According to a new study, the last few meals before surgery might make a difference in recovery after surgery. Fat tissue is one of the most dominant components that make up the body, and fat tissue is always traumatized during major surgery.
Researchers at Brigham and Women’s Hospital (BWH) found that this direct trauma greatly impacts the chemical balance of fat tissue – chemicals that are known to communicate with nearby and distant organs. In the study, mice that consumed a typical Western, high-fat diet showed an exaggerated imbalanced response. Importantly, restricting food intake to a lower-fat diet just a few weeks before surgery reduced the imbalance back toward a more normal response.
The study is published in the April 2013 issue of Surgery.
Senior study author C. Keith Ozaki, MD, Director of BWH Vascular Surgery Research, and colleagues measured how fat responds to surgery and whether restricting calorie intake before surgery changed how the fat tissue responded to typical trauma that usually occurs during an operation.
“Surgeons have learned that generally minimizing trauma accelerates patient recovery from surgery,” noted Ozaki. “While we do this well for specific organs such as the heart, blood vessels, liver, and so forth, we historically have paid little attention to the fat that we cut through to expose these organs. Our findings challenge us all to learn more about how fat responds to trauma, what factors impact this response, and how fat’s response is linked to the outcome of individual patients.”
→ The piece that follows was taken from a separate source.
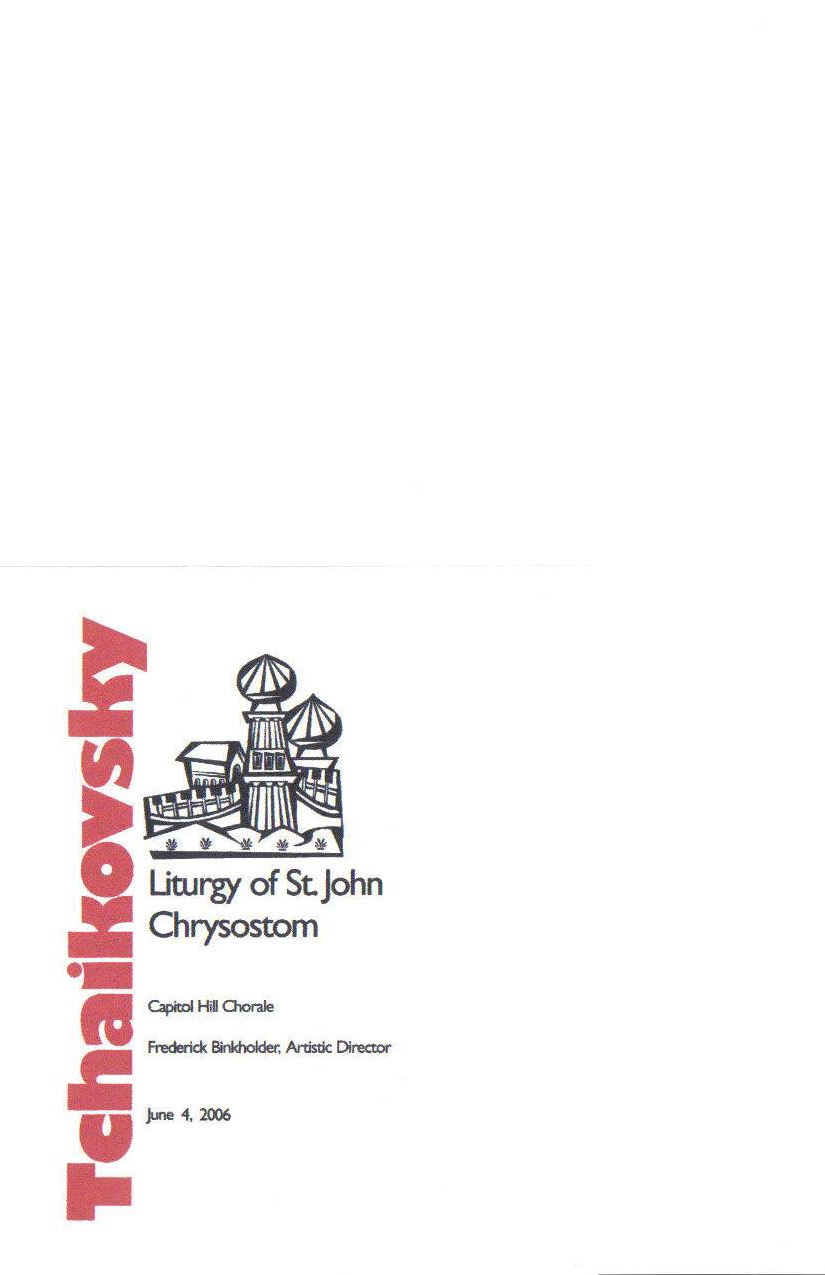 Tchaikovsky’s Liturgy of St. John Chrysostom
Researchers fed one group of mice a high-fat diet (containing 60 percent calories from fat), while a control group was given a more normal diet (containing 10 percent calories from fat).
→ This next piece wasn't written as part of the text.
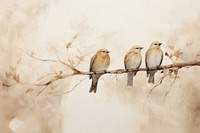 Birds watercolor background painting sparrow animal.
Three weeks before surgery, researchers switched some of the high-fat diet mice to the normal diet. During surgery, the researchers performed procedures that would occur during a typical operation and observed that such surgical trauma rapidly affected the fat tissues located both near and away from the trauma site. This resulted in increased inflammation and decreased specialized fat hormone synthesis, especially in the young adult mice and those that had a simulated wound infection.
However, reducing food intake before surgery tended to reverse these activities for all mice age groups, even in the setting of the simulated infection. The results suggest that while fat is a very dominant tissue in the human body, its ability to rapidly change might be leveraged to lessen complications in humans during stressful situations such as surgery.
In an accompanying review article composed with key collaborator James Mitchell, PhD, assistant professor of Genetics and Complex Diseases, Harvard School of Public Health, the researchers suggest that restricting diet in humans before surgery provides a unique opportunity to test whether this method will decrease the incidence and severity of surgical complications brought on by over-exuberant inflammation and other stressors.
Simply cutting out certain dietary elements (without malnutrition) may be a feasible, inexpensive and effective way of protecting the body against stress from an operation. In the review article, the researchers specifically point to further studying this method in patients undergoing vascular surgery, a population that faces increased risks of surgical complications such as wound-healing problems, heart attack and stroke.
“The relationship between surgical outcomes and obesity has always been complex,” said Ozaki. “Our results and those of others highlight that the quality of your fat tissues appears to be important, along with the total amount of body fat when it comes to the body’s response to an operation.”
The study was supported by the National Heart, Lung, and Blood Institute of the National Institutes of Health; American Heart Association; Ellison Medical Foundation; and Glenn Foundation.
The research team included partners from the Center for Cancer Computational Biology at the Dana-Farber Cancer Institute, and the Department of Genetics and Complex Diseases at the Harvard School of Public Health.